* **Task prompt**:
Only one stretch of the data should be retyped: the lines from the line containing "The Wanderings of the Avener CD" through the line containing "Discos de vinilo: THE". Keep pictures out of it.

* **Exercise data**:
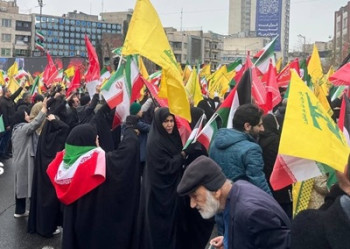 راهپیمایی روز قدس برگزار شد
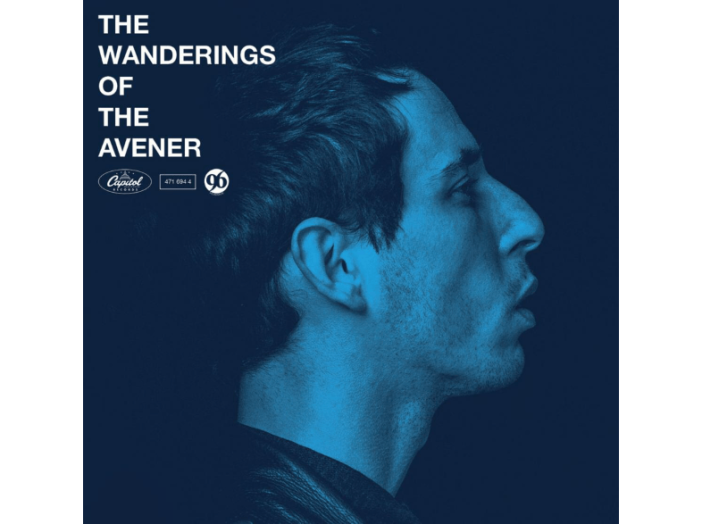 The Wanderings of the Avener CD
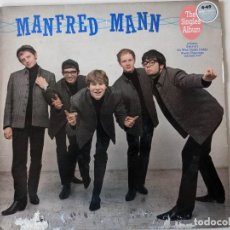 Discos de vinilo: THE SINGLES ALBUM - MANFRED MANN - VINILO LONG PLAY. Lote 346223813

...

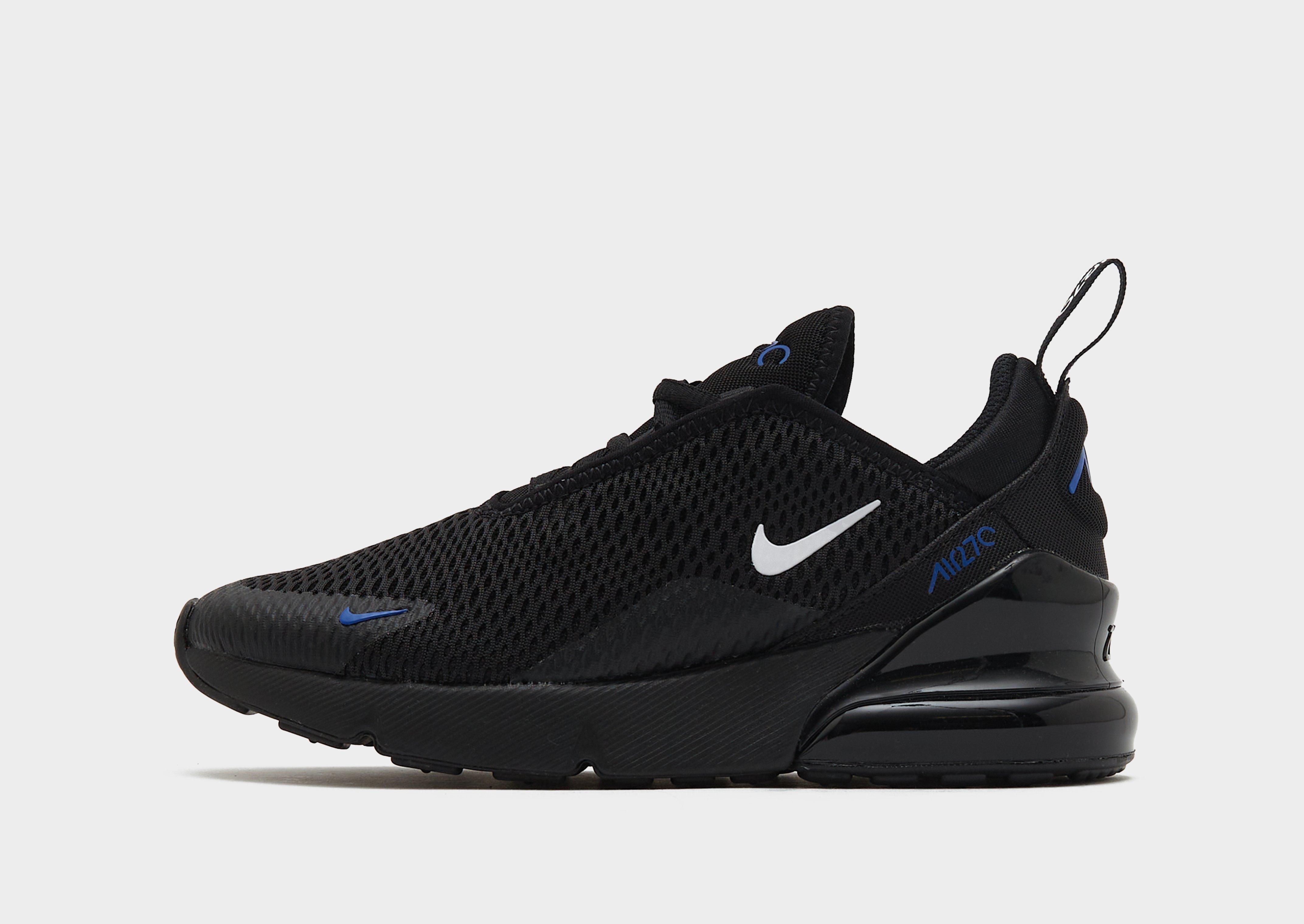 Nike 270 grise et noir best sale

* **Answer below**:
 The Wanderings of the Avener CD
 Discos de vinilo: THE SINGLES ALBUM - MANFRED MANN - VINILO LONG PLAY. Lote 346223813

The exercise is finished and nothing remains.